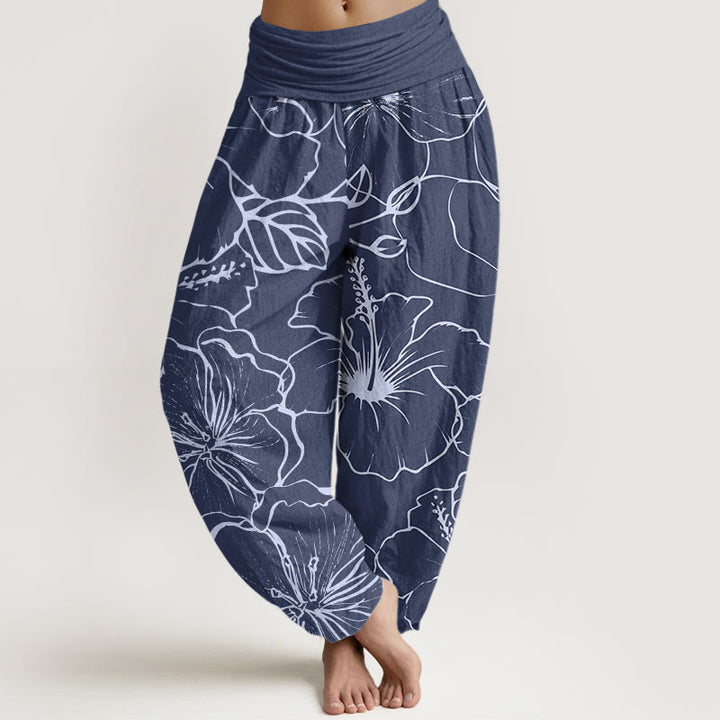 Pantalon harem à taille élastique pour femme, en coton avec motif de fleurs de liseron et de Buddha Stones - SteelBlue - US22，UK/AU26，EU54 (6XL) - image 0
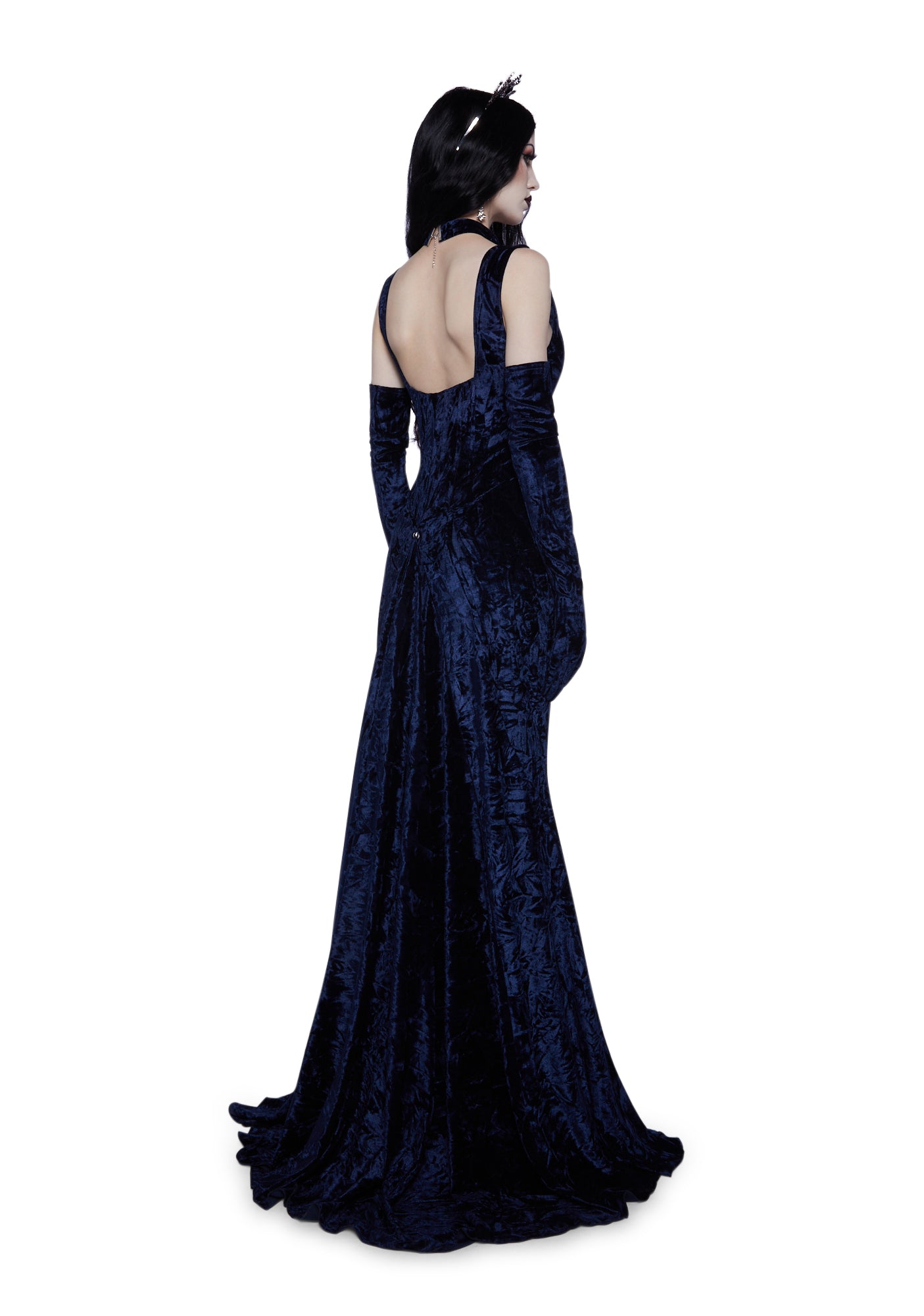 blue velvet dress with gloves Long Navy Blue Velvet Opera Gloves for Formal Evening Dress Burgundy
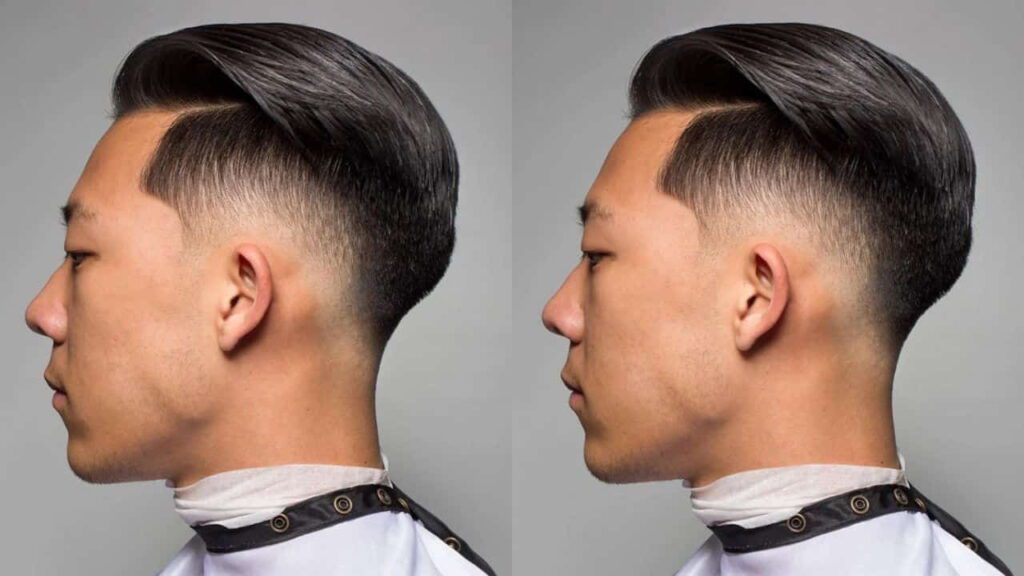 gaya rambut burst fade lelaki, burst fade slick back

EXERCISE INSTRUCTIONS:
Please print the data above once more, exactly as it appears, with no pictures.

RESULT OF THIS TASK:
 Pantalon harem à taille élastique pour femme, en coton avec motif de fleurs de liseron et de Buddha Stones - SteelBlue - US22，UK/AU26，EU54 (6XL) - image 0
 blue velvet dress with gloves Long Navy Blue Velvet Opera Gloves for Formal Evening Dress Burgundy
 gaya rambut burst fade lelaki, burst fade slick back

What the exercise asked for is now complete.